Schon beim Frühstück war er in einer verschlossenen, geheimnisschweren Stimmung gewesen, die sich, als Hiromitsu wiederum die Köstlichkeit von Himbeermarmelade auf gegrilltem Lachs anpries, zu einer explosiven Verfinsterung verdichtete, so dass Yoshi und Akira vorsichtshalber schwiegen und sich auch ohne Ermahnungen tadellos benahmen.

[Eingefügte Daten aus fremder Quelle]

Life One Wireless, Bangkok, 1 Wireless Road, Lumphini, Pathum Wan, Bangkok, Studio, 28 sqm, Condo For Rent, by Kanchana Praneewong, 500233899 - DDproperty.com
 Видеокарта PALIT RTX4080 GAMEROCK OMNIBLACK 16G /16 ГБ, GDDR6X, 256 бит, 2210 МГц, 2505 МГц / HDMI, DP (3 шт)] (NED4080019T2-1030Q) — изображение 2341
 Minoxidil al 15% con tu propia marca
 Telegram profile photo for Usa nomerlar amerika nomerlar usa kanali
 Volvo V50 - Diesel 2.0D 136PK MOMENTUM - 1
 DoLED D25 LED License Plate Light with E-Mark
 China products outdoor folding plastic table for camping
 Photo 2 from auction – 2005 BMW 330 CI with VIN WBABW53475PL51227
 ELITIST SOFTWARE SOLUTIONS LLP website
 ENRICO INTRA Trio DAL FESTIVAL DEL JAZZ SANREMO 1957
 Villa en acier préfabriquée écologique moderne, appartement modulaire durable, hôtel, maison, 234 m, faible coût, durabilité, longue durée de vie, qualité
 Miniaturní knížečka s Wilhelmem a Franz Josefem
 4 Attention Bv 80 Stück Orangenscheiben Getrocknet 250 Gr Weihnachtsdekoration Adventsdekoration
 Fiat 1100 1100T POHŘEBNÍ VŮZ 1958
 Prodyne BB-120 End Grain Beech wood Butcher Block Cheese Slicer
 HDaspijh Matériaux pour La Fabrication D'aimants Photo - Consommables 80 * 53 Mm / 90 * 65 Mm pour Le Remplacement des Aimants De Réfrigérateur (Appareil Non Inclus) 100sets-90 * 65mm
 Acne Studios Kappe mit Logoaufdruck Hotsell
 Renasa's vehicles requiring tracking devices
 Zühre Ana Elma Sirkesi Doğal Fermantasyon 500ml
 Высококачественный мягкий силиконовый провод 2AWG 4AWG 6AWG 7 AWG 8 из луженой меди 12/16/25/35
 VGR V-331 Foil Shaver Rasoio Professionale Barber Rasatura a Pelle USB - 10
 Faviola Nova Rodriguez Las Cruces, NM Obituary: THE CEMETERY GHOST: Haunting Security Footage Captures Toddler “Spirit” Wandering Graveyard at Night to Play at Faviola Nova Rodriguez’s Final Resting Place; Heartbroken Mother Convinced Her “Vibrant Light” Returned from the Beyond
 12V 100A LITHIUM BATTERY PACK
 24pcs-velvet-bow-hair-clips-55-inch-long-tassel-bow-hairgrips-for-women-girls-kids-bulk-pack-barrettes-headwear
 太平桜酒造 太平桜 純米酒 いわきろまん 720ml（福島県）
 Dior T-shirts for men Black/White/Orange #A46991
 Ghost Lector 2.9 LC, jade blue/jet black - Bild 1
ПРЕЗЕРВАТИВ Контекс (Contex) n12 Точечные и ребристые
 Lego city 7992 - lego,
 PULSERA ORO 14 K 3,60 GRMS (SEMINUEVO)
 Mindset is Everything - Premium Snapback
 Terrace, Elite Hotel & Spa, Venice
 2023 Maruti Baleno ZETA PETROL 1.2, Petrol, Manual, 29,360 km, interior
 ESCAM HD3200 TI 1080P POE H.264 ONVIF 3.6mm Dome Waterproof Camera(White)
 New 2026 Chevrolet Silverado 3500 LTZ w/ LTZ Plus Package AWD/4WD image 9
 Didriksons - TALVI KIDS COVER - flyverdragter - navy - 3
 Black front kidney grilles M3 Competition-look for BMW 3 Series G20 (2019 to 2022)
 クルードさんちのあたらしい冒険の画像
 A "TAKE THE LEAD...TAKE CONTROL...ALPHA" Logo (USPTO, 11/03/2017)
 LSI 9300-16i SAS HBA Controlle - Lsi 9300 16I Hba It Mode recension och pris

Nachdem er gegessen hatte, war Nakata Seiji noch einmal im Zimmer verschwunden. Masami hatte den Eindruck vermittelt, dass sie zwar wisse, was ihn umtrieb, sich aber nicht äußern könne – nicht einmal andeutungsweise. Während die beiden Meister und ihr Gehilfe die Arbeiten am Schornstein wieder aufnahmen, war Nakata Seiji einmal um den gesamten Werkstattkomplex herumgegangen, hatte hier und dort innegehalten und den Horizont betrachtet, als erhoffte er sich von dort eine Antwort auf was auch immer. Dann hatte er eine Weile unschlüssig beim Schornstein gestanden, die Sonnenbrille auf und wieder abgesetzt, seine Söhne angeknurrt, sie sollten sich zum Nacharbeiten des Schulstoffs bei ihrer Mutter melden. Erst als er sicher war, dass jeder seine Aufgabe hatte und niemand auf die Idee käme, Fragen zu stellen oder sonst etwas von ihm zu wollen, löste wie auf ein unsichtbares Zeichen fahrige Betriebsamkeit die Düsternis ab. Er murmelte vor sich hin, bewegte sich Richtung Werkstatttür, wobei die Finger seiner Rechten eine Klaviermelodie zu spielen schienen, drehte auf halber Strecke um, trat auf Ernst zu, zog ihn beiseite und sagte halblaut, er brauche eine Schippe. Ernst schaute ihn fragend an. So etwas, wie man es zum Einpflanzen von Stecklingen im Gemüsebeet benutze.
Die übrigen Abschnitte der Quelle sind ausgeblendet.